Reflexão sobre alguns aspectos da questão da demarcação da reserva indígena Raposa Serra do Sol, em Roraima, antes da conclusão do julgamento da matéria pelo plenário do STF.

Autor
Gerson Camata (PMDB - Movimento Democrático Brasileiro/ES)
Nome completo: Gerson Camata
Casa
Senado Federal
Tipo
Discurso
Resumo por assunto
POLITICA INDIGENISTA. SOBERANIA NACIONAL.:
  • Reflexão sobre alguns aspectos da questão da demarcação da reserva indígena Raposa Serra do Sol, em Roraima, antes da conclusão do julgamento da matéria pelo plenário do STF.
Publicação
Publicação no DSF de 29/08/2008 - Página 36260
Assunto
Outros > POLITICA INDIGENISTA. SOBERANIA NACIONAL.
Indexação
  • EXPECTATIVA, DECISÃO, SUPREMO TRIBUNAL FEDERAL (STF), DEMARCAÇÃO, RESERVA INDIGENA, ESTADO DE RORAIMA (RR), REGISTRO, DECLARAÇÃO, SOCIOLOGO, CRITICA, CRIAÇÃO, TERRAS INDIGENAS, AUSENCIA, MANUTENÇÃO, CULTURA, INDIO, AMPLIAÇÃO, MISERIA, INFLUENCIA, ORGANIZAÇÃO NÃO-GOVERNAMENTAL (ONG), REPUDIO, SUPERIORIDADE, EXTENSÃO, TERRAS.
  • QUESTIONAMENTO, VICIO, LAUDO TECNICO, FUNDAMENTAÇÃO, CRIAÇÃO, RESERVA INDIGENA, ESTADO DE RORAIMA (RR), EX PRESIDENTE DA REPUBLICA, HOMOLOGAÇÃO, PRESIDENTE DA REPUBLICA, INSUFICIENCIA, PESQUISA, POPULAÇÃO, INDIO, PRODUTOR RURAL, REGIÃO, CRITICA, IMPOSIÇÃO, DEMARCAÇÃO.
  • CRITICA, ATUAÇÃO, ENTIDADE, IGREJA CATOLICA, COMBATE, CAPITALISMO, INFLUENCIA, INDIO, COMENTARIO, ARTIGO DE IMPRENSA, JORNAL, ESTADO DE S.PAULO, ESTADO DE SÃO PAULO (SP), REGISTRO, ADVERTENCIA, EMBAIXADOR, RATIFICAÇÃO, BRASIL, DECLARAÇÃO, ORGANIZAÇÃO DAS NAÇÕES UNIDAS (ONU), DIREITOS, GRUPO INDIGENA, DESRESPEITO, CONSTITUIÇÃO FEDERAL, ESTABELECIMENTO, COMPETENCIA PRIVATIVA, UNIÃO FEDERAL, LEGISLAÇÃO, ASSUNTO, REFERENCIA.
  • COMENTARIO, EXTENSÃO, RESERVA INDIGENA, ESTADO DE RORAIMA (RR), REGIÃO, FAIXA DE FRONTEIRA, OCORRENCIA, TRAFICO INTERNACIONAL, NECESSIDADE, DEFESA, TERRITORIO NACIONAL.
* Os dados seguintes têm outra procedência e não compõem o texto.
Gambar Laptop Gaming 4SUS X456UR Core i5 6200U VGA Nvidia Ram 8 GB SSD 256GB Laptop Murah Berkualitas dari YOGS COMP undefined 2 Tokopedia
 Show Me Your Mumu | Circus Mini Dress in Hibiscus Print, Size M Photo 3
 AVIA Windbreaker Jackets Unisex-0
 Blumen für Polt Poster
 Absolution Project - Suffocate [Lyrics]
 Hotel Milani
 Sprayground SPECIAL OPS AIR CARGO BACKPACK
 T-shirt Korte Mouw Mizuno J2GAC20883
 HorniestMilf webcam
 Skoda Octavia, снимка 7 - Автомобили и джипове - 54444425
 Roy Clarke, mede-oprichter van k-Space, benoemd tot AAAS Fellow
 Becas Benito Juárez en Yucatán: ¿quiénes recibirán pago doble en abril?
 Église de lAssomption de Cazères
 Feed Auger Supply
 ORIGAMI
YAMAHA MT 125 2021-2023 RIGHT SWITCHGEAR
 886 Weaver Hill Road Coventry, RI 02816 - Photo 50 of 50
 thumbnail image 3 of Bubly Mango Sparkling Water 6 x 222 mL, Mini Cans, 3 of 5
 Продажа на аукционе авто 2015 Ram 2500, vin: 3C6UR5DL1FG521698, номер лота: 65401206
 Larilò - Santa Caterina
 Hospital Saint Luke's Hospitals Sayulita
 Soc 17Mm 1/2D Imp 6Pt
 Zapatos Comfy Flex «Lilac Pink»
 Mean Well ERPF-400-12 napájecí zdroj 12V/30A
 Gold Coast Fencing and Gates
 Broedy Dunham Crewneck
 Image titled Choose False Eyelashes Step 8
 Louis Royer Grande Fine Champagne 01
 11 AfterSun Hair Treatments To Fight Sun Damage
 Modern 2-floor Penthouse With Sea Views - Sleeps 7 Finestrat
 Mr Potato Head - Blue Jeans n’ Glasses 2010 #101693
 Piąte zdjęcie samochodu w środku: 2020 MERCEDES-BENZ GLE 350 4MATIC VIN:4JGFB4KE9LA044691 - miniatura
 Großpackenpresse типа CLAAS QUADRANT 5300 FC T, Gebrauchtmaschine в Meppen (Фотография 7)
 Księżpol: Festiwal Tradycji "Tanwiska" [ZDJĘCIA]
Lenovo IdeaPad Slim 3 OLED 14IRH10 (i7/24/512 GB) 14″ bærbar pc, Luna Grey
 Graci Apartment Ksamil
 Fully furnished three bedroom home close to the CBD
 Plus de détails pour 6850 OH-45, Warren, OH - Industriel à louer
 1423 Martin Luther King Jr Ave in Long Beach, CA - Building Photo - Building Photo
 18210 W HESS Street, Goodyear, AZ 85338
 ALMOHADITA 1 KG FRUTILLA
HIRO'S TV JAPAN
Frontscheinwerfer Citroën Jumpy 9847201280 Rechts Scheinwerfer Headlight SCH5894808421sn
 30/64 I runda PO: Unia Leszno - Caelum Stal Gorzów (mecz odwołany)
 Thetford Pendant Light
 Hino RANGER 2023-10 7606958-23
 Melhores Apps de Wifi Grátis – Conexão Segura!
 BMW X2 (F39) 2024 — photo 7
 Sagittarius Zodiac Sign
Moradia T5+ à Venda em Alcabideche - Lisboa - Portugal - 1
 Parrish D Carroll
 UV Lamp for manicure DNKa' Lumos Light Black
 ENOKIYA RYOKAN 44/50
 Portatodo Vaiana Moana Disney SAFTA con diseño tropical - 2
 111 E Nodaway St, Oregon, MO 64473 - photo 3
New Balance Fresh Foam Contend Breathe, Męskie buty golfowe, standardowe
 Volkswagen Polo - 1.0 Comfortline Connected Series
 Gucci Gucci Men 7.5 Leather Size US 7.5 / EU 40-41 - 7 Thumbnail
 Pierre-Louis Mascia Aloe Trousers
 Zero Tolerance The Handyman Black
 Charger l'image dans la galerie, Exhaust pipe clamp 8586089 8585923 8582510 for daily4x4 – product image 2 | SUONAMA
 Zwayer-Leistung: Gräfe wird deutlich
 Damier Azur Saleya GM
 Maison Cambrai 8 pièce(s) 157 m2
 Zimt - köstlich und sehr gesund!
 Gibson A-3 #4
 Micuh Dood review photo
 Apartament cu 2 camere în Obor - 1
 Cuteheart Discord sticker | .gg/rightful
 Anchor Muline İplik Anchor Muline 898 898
O SR. GERSON CAMATA (PMDB - ES. Sem apanhamento taquigráfico.) - Sr. Presidente, Srªs e Srs. Senadores, o Supremo Tribunal Federal analisa desde esta quarta-feira a demarcação da reserva indígena Raposa Serra do Sol. Como toda decisão da corte máxima do País, ela será cumprida sem discussões, seja qual for. Mas como a determinação, com certeza, orientará os critérios para outras demarcações em território brasileiro, vale a pena refletir sobre alguns aspectos da questão, antes mesmo que o plenário do STF conclua seu julgamento.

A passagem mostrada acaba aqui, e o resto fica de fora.